君の木の下

夫婦と子どもふたりの日常備忘録

早退と罪悪感

ここ数日、頭痛が来ては薬で押さえ込む日が続いていた。
その日の朝もぼんやり痛かったが、いつもの緊張型頭痛だろうと思って薬は飲まなかった。
9時頃から段々痛みが強くなってきた。打ち合わせ中もこめかみを押さえないでいられず、終わってすぐ薬を飲んだ。
そのまま仕事を続けたが、難しい文章が全く頭に入らない。これ以上は無理だし無駄だと判断し、医務室で休むことにした。

けれど、うちの会社の医務室は一時間で追い出される。
起こされると頭痛は悪化していて、体を起こすとガンガンとくらくらするような痛みで目も開けられない。
会社は早退することにした。幸い、このあとは会議も来客もない。


時折吐き気が込み上げてきて、涙目で飲み込む。改札前はこの時間でも人が多く騒々しい。それでもテレビ画面の向こうの世界を眺めているかのように、世界が遠かった。
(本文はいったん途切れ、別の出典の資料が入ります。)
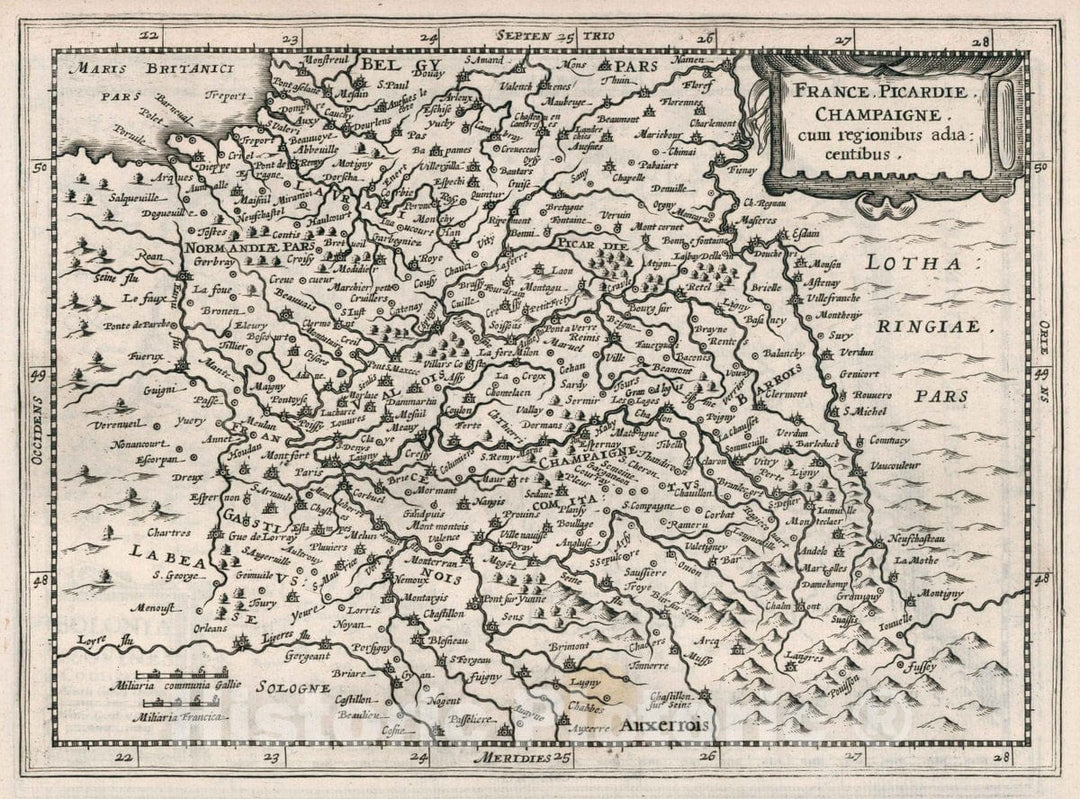 Historic Map - France Picardie Champaigne cum regionibus adiacentibus/With the adjacent regions of France Picardie Champaigne, 1595, Gerard Mercator - Vintage Wall Art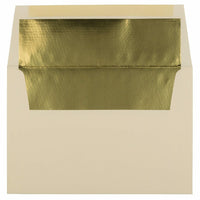 JAM Paper A8 Foil Lined Invitation Envelopes - 5.5 x 8.125 - Ecru with Gold Foil - 25 Pack-These envelopes are perfect to use for sending invitations, greeting cards, RSVP's, thank you cards, gifts for birthdays, graduations, holidays and more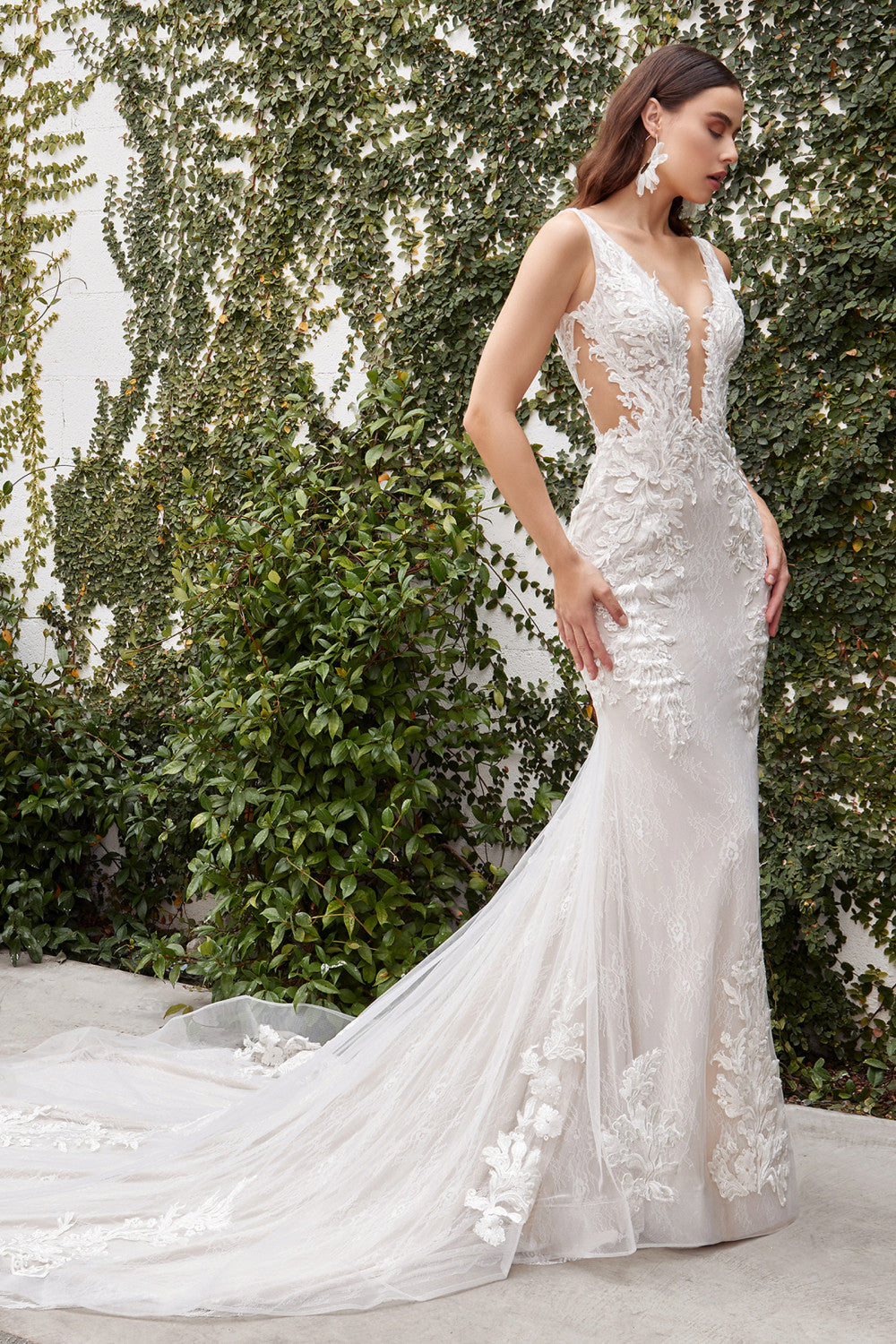 Long Sleeveless Lace Dress With Fitted Skirt By Andrea And Leo -A1072W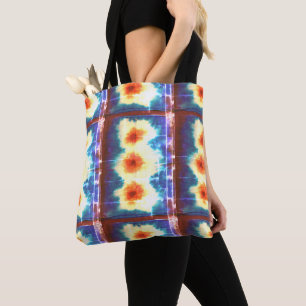 Tote Bag Shibori Tie Dye Fabric Motif Boho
音も光も、どこか次元の違うところにあってわたしのところにはなかった。

わたしは弱い人間だ、と罪悪感でいっぱいになる。
みんな体調が悪いときでも働いているのに、どうしてわたしは休んでしまうのだろう。

こうやって頭痛で休んだり早退したり遅刻したりするのは、かれこれ小学生の頃からだから、もう20年以上だ。
わたしは本当に休まなくてはいけないほどしんどいのだろうか、さぼっているのではないか。だってほら、さっきだって職場の人に「体調が悪いので帰ります」と伝えたとき、笑ってたじゃないか、自分。本当に辛いなら笑ったりできないんじゃないのか。
事実、わたしの中で頭痛は安心感とセットになっている。さっきまでいた世界を全部放り出して布団の中に引きこもれるのだから。神様に人生を謝りたくなるような激しい痛みがあるときでさえも、ひとたび痛みが引き出すと、次に現れるのは幸福と安堵なのだ。

きっとみんなも言ってるに違いない。あの人すぐさぼる。


世界が敵に見える。
ちがう、みんなから見てわたしが敵なのだ。